What that has meant for the Sheriff’s Office Garberville station is close to a doubling of its law enforcement manpower — from five deputy sheriffs assigned to the station a year ago to nine deputy sheriffs currently.
“They are making a difference the public may not always see,” Zorrilla-Mendoza commented.
She said the increase has reduced the need to ship deputies south from Eureka to provide assistance. She said it has also resulted in more arrests of suspects on a most wanted list that the Sheriff’s Office posts online. Finally, she said deputies now have more time for good old-fashioned police work. “They’re able to conduct more follow-up. It gives them the opportunity to be active instead of just reactive.”
Downey, in a recent interview, did not disagree. But he did point out that the increased hiring figures are somewhat misleading since a number of the deputies don’t live in the Garberville-Redway area but instead commute from Fortuna.
That’s a good thing from Downey’s point of view since more centrally-located deputies can be sent elsewhere faster should the need arise — such as in times of a “special enforcement” situation.
“So even though the numbers are firm they can be fluid as well. The numbers can be elusive,” Downey cautioned.
Nonetheless, he said things are clearly better than they were two years ago, when his law enforcement staff countywide was stretched very thin indeed.
“If there was a shortage somewhere in the county we’d pull ’em [from places like Southern Humboldt] and send them elsewhere,” Downey said, explaining that doing so left the area where deputies were pulled from vulnerable.
“2014 was a low point. We were pretty bare bones in 2014,” Downey remarked.
Things didn’t begin to change until the passage of Measure Z, he added.
“The turnaround [has been due] mainly to Measure Z. It’s given us the ability to go aggressively out and [hire] additional personnel at an accelerated rate.”
As for the future, Downey said he’s hoping to create even more deputy sheriff positions by utilizing money from the county’s general fund. “We’re looking to hire five or six more deputies. That will beef up things countywide. It will also affect Garberville and Redway,” Downey added.
Factoring in deputy sheriffs who have already been hired but are not yet on the streets because they are attending police academy, Downey said: “We’re looking at potentially nine more [law enforcement] personnel in the next two to six months.”
Given that the Sheriff’s Office is in line to receive more Measure Z money in the fiscal year that begins July 1 — the Citizens’ Advisory Committee on Measure Z Expenditures makes funding recommendations, which then must be approved by the Board of Supervisors — the number of deputies could grow even further.
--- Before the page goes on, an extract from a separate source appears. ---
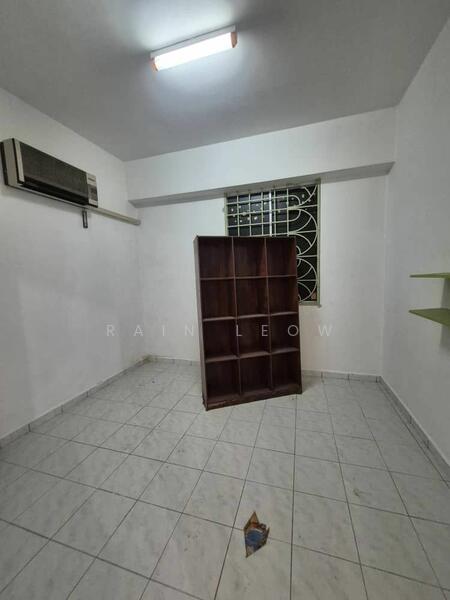 Untuk Disewa - Green Acre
Beyond the $5.3 million in Measure Z funds already dedicated to next year’s budget for public safety services provided by the Sheriff’s Office, the District Attorney’s Office and the Probation Department, the Board of Supervisors has proposed $6.5 million in additional spending “for projects that will protect our community,” as the county put it in a press release.
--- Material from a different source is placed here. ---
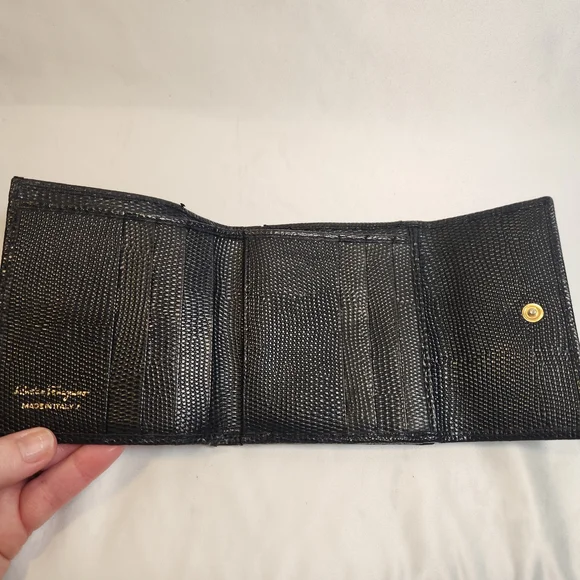 Salvatore Ferragamo Vara Vintage Wallet - Picture 9 of 12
The proposals are contained in the county’s proposed budget, which the board will vote on at their June 7 meeting. They include nearly $1 million that would go to the Sheriff’s Office for seven additional staff — four deputy sheriffs, a correctional officer, a community services officer and an animal control officer.
Downey said “the new opportunity for Measure Z money” could result in the hiring of a deputy sheriff who would be stationed in Shelter Cove, along with three others who would be stationed in Orick, Bridgeville and Orleans.
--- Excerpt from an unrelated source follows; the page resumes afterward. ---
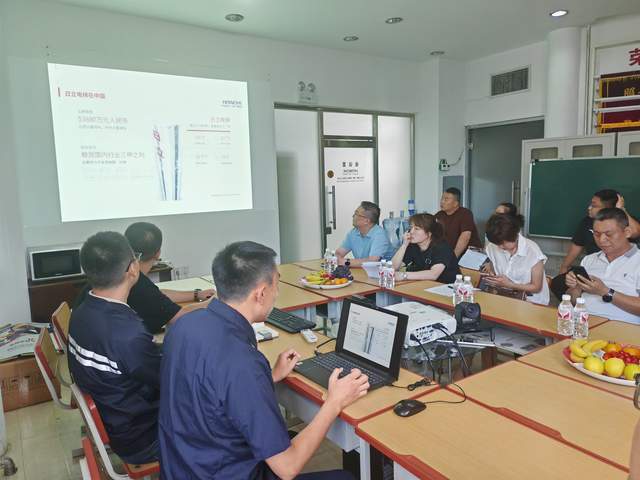 調(diào)研先行，技術(shù)賦能 香坊區(qū)住建局扎實(shí)推進(jìn)老舊電梯更新改造惠民工程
Should all that occur, Downey said the Sheriff’s Office would still not be at the staffing levels that existed in the 1980s and 1990s. But it would be getting there.
He credited a combination of factors to the passage of Measure Z, including support from his office; the Humboldt County Deputy Sheriffs Organization, whose members include deputy sheriffs, probation officers, investigators in the District Attorney’s Office, deputy coroners and welfare fraud investigators; and the Board of Supervisors.
“All the supervisors were squarely behind it,” Downey recalled.
Downey also recalled something else: He had serious doubts about Measure Z’s chances.
“I was skeptical it would pass,” he confessed. “Ballot measures can be a crapshoot.” Particularly, he added, ones that ask voters “to increase the tax base on themselves.”